*Your assignment:*
Extract all lines in the data that contain the word "Suites".

++++ Source information ++++

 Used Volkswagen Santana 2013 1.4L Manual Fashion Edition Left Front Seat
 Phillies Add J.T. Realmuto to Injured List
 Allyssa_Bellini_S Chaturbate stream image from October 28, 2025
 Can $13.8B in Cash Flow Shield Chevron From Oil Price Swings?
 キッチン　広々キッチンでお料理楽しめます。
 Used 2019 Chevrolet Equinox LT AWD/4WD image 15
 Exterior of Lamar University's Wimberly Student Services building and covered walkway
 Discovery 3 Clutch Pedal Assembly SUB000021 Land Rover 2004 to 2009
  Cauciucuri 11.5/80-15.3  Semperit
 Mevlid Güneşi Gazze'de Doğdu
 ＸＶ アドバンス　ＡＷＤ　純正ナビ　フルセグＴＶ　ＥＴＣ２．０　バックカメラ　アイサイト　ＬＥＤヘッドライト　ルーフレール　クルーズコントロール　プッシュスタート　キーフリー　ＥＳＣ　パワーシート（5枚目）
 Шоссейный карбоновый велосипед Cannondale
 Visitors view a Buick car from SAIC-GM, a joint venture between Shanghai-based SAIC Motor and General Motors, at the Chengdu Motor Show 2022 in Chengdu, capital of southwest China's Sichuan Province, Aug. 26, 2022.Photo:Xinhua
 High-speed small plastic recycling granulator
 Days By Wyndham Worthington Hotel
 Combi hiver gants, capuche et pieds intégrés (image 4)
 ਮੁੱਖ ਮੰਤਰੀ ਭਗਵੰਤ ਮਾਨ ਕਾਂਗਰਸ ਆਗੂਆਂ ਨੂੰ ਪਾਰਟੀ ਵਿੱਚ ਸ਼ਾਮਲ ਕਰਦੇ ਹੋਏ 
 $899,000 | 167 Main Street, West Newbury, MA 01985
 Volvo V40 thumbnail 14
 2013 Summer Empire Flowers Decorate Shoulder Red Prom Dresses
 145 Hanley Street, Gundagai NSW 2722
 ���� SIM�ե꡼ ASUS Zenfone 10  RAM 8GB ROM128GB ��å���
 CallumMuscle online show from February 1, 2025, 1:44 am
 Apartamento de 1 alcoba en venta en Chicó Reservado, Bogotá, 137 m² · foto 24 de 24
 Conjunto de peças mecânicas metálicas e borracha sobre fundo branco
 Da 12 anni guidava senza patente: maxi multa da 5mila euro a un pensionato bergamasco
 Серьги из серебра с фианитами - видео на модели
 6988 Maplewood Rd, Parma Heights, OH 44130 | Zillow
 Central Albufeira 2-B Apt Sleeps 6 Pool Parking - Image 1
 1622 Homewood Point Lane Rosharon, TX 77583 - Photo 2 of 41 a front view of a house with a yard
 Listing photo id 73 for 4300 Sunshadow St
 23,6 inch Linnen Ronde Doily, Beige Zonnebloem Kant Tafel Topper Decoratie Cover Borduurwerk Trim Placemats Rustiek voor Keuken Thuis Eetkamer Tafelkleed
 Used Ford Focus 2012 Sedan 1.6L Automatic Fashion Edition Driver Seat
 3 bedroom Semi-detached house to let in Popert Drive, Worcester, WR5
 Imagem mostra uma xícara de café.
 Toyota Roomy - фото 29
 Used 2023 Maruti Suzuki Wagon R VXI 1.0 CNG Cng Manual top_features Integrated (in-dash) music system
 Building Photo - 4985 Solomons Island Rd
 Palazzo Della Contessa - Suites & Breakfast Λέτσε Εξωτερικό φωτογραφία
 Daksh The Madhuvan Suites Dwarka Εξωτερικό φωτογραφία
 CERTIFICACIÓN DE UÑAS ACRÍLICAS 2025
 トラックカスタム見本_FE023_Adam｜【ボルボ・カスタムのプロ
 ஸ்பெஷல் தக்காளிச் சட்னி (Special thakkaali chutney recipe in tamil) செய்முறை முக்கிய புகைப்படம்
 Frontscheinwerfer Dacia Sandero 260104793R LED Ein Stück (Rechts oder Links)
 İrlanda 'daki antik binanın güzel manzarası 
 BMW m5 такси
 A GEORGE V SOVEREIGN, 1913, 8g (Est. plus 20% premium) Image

++++

*Reply to the task:*
 Palazzo Della Contessa - Suites & Breakfast Λέτσε Εξωτερικό φωτογραφία
 Daksh The Madhuvan Suites Dwarka Εξωτερικό φωτογραφία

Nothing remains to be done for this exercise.